Muslims all over the world are observing the mandatory Ramadan prayer and fasting for 30 days. Naturally whosoever that is involved in this spiritual exercise must not eat or drink within that period.
But in the city, artisans and atimes families eat out. This must have adverse effect on restaurant and bar operators. Here ENCOMIUM Weekly brings you their reactions…
ADESOLA, Chicago Bar and Lounge
To be honest, the patronage was low, because of the Ramadan, people didn’t come out to drink like they used to. So, patronage was low. We sell a lot at night, from 7pm. That’s when people leave work. So, I guess they just want to relax over some couple of drinks themselves or with friends.

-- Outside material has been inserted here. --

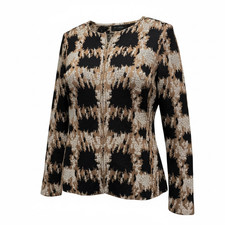 St. John Knits Geometric Jacquard Zip-Front J...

We are used to the system. During Ramadan, our sales are low, so, we just endure for the 30days and after that things return to normal.
OLUWASEUN, Ben K Bar and Lounge
Not too bad, it’s normal that muslims keep away from drinking alcohol during Ramadan. We open all day, but people come in most at night. We try not to over budget. We work on a moderate budget that will make us realise our money quickly.
BLESSING, Rhasody Restaurant, Ikeja
No, not really. Everything has been working as always. We experienced our highest sales during weekends, that’s Friday, Saturdays and Sundays. No, we didn’t have to make adjustments.
HAKEEM JIMO, Veggie Victory Restaurant, Victoria Island
There’s a general notion that during Ramadan business slows down, especially in the day. But for us at Veggie Victory (as a strictly vegetarian restaurant), since people in Ramadan are trying not to stuff themselves with food, they appreciate us and what we have on offer. Most people when they break their fast, visit us as we don’t serve any animal produce-be it meat, milk or even egg. In summary, in Ramadan business slows down during the day, but our customers appreciate the light food we serve. We still operate normally. We didn’t make any special adjustment for Ramadan.
JONES EKEOMA, Chop I Chop Hotel
The muslim fast period, generally called Ramadan is really affecting food business. We don’t have as much customers like we used to have. And by the time they are breaking the fast in the evening, we would have closed. There’s nothing anybody can do about it.
MARY UKET, Calabar Kitchen, Ojodu, Lagos
We are not in good business during Ramadan. Those fasting don’t eat. Business is slow. We are praying for more customers.